Такие наблюдения я всегда хранила в тайне, мне казалось, что, тихо подглядывая, я что-то краду. Поэтому у меня и в мыслях не было попросить маму не спешить и, может, подойти поближе и попытаться рассмотреть платья... Чудесный образ в светлом окне промелькнул мимо, а мне осталось только гадать, какая же красавица живёт в таком с виду непримечательном месте.

И каждый раз, уходя на прогулку, я надеялась, что опять увижу или платья, или ещё что-нибудь, или, если повезёт - и саму хозяйку сказочных нарядов (то, что она молода и красива, как принцесса, не вызывало сомнения).

Но окна всегда оставались тёмными. Никто не выходил из ворот, не слышно было лая собаки или других звуков живого дома. Невозможно было даже угадать, есть ли там вообще кто-нибудь живой.

Но однажды мне довелось побывать в тех местах днём. Я поразилась перемене: вечером дом, построенный в низине на берегу, утопал в глубоких бархатных сумерках, жёлтые окна выглядели особенно манящими, а темнота скрадывала неказистость строения. А при свете дня всё выглядело совсем уж скучным и будничным.

И - о ужас! - у ворот стояла вовсе не красавица и даже не красавец - а старый дед! Такой широкий и кряжистый, в засаленном ватнике и кирзовых сапогах, как будто давно приросших к нему. Он был с топором или с ведром или, может быть, с лопатой. Или около машины стоял - не помню... Но само присутствие старика меня так потрясло, что я уже ни на что не обращала внимания. Вряд ли он был дедушкой или отцом красавицы. И, скорее всего, самой "принцессы" вообще не существовало, платья мне померещились, а видела я какие-нибудь платки, шали или халаты, и моё воображение превратило их в изысканные наряды.

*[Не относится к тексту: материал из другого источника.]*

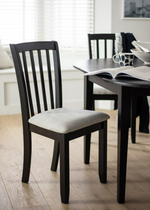 Banbury Pair of Solid Wood Dining Chairs - Black | Modern Mealtime Seating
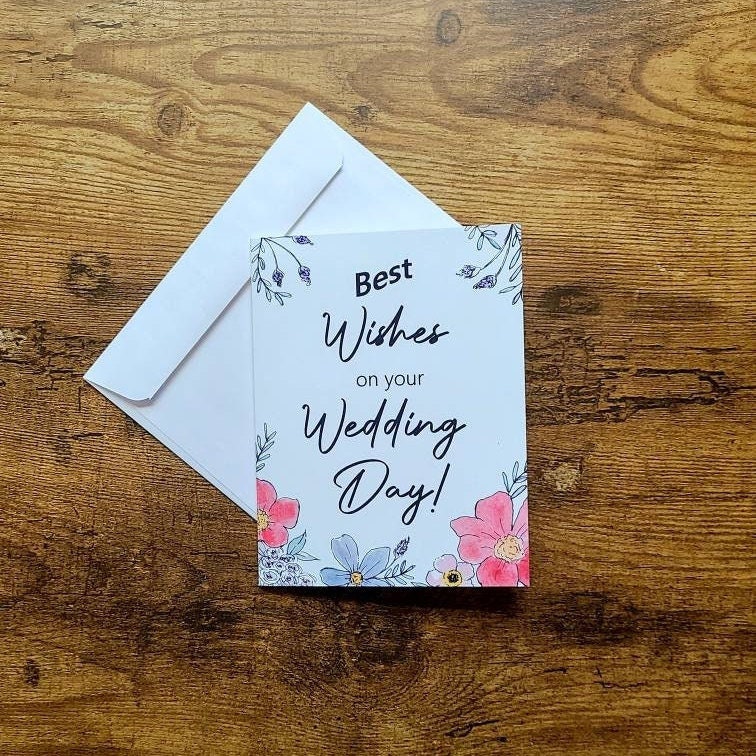 Best wishes on your wedding day, Wedding day congratulations card, Cute floral wedding card, Pretty card for couple, Wedding wishes, love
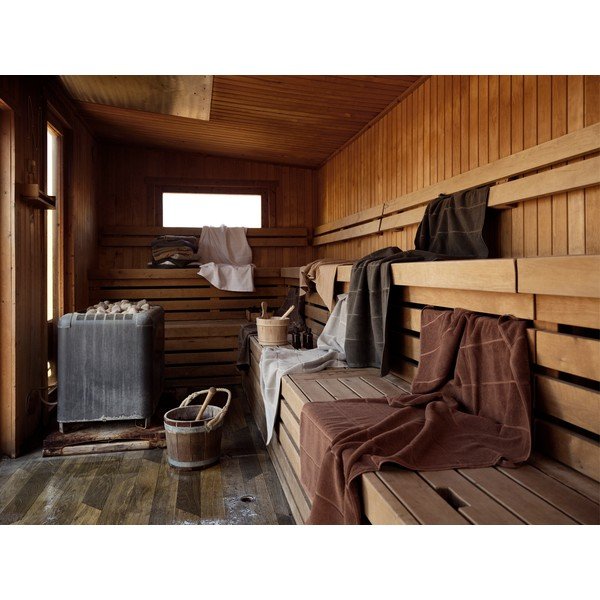 Sötétzöld frottír pamut fürdőlepedő 70x140 cm Sauna – Zone-image-1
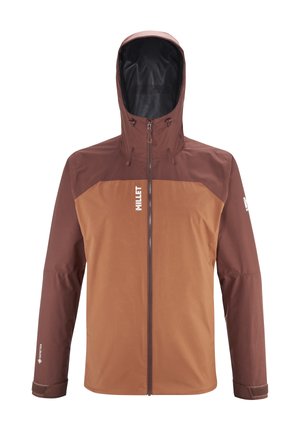 Veste marron imperméable avec fermeture éclair à l'avant, capuche ajustable et épaules renforcées. Présente le logo GORE-TEX sur la manche.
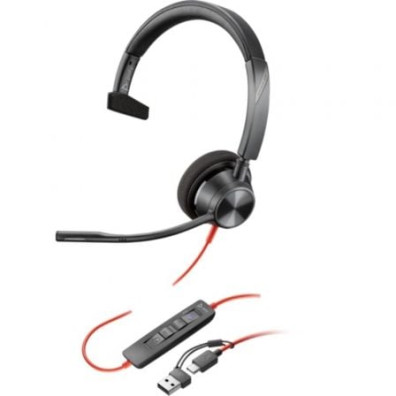 Auricular Poly Blackwire 3310 com Adaptador USB-C/A para Microsoft Teams - Micrófono USB Tipo-C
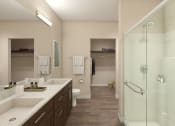 Thumbnail 14 of 31 - a bathroom with two sinks and a shower and a toilet at Tiffany Flats, Columbus, Ohio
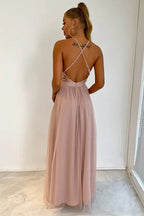 Sequin Tulle Evening Gown - View 9 | TEVQA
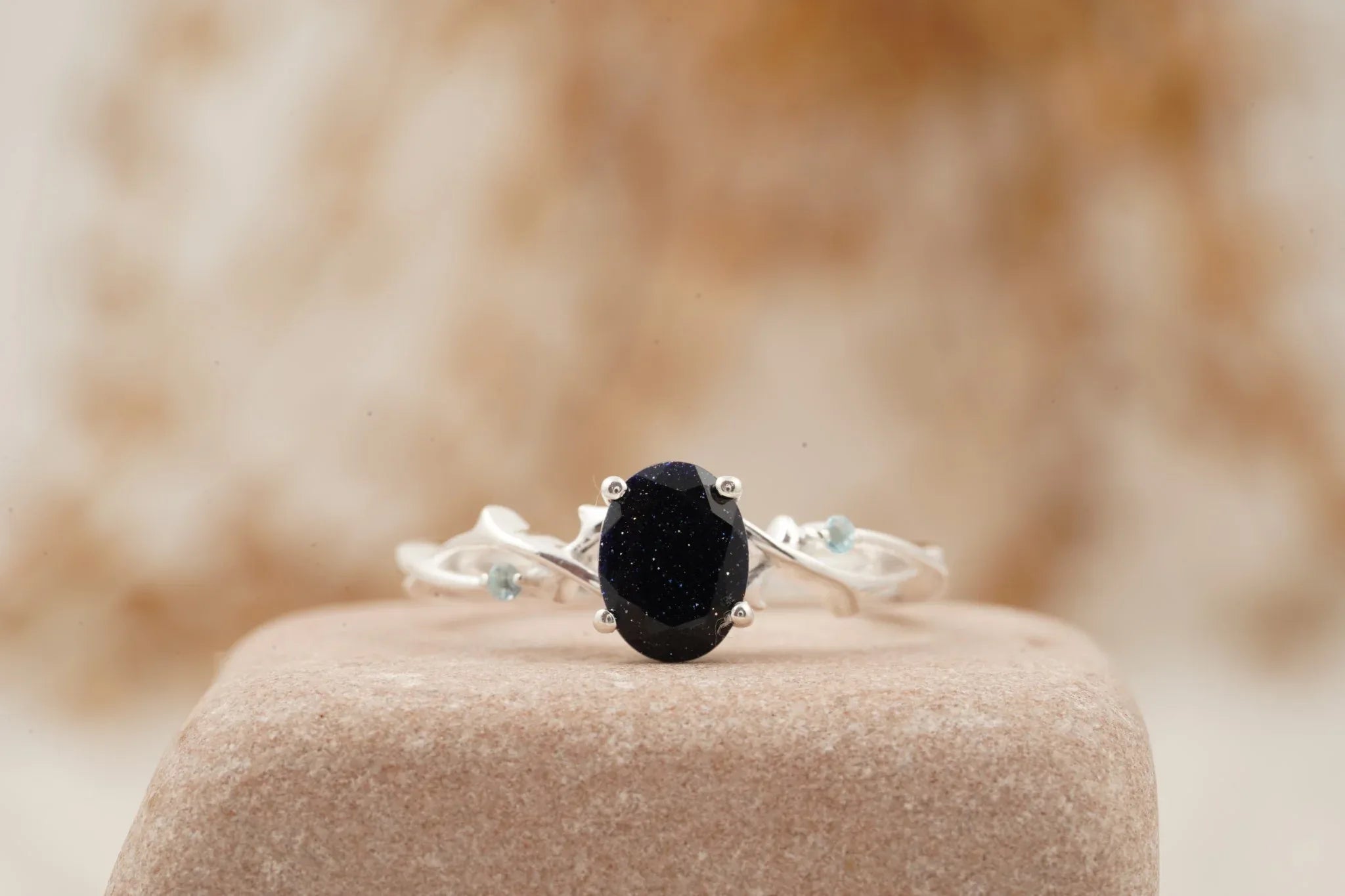 Oval Galaxy Sandstone Twig Engagement Ring - MinimalistJewels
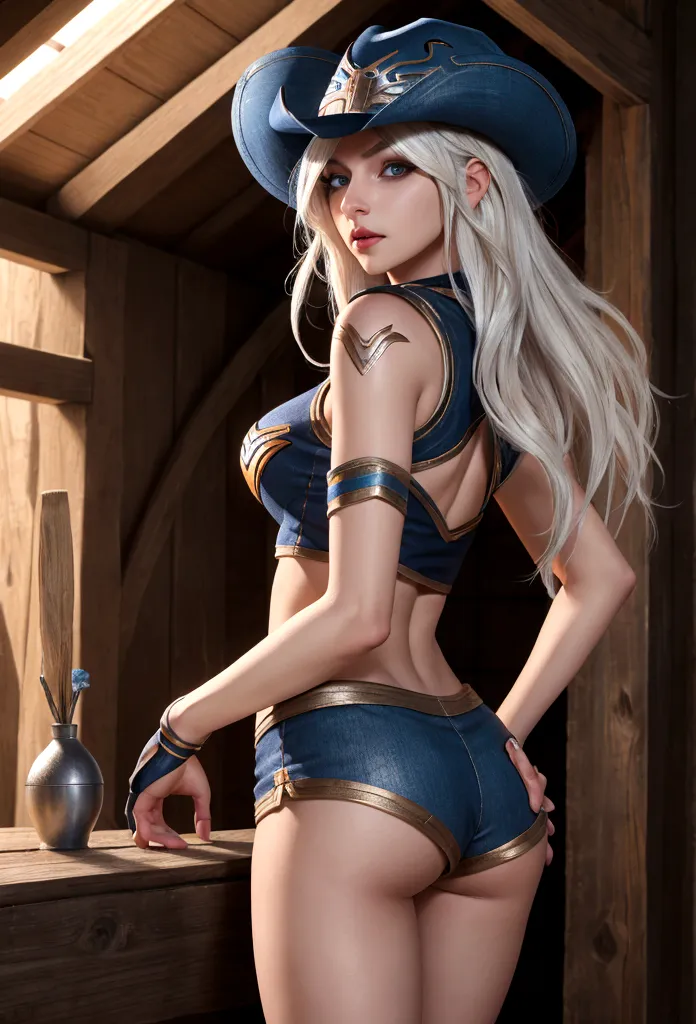 ashe from overwatch, 19 years old, slim figure, runners body, delicate nose, soft and delicate lips, facing away from camera, bu...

Писатель Адольфо Биой Касарес считал, что чудеса не повторяются. А я думаю, что чудеса редко имеют соприкосновение с реальностью. Мистическое ожидание чего-то удивительного всегда самодостаточно и лучше любой реализации.

Пусть прекрасные образы живут только там, в зыбком, бесплотном, трансцендентном мире, который мы посещаем в мечтах, в волшебном состоянии между сном и явью и, иногда - в сумеречном свете уходящего дня.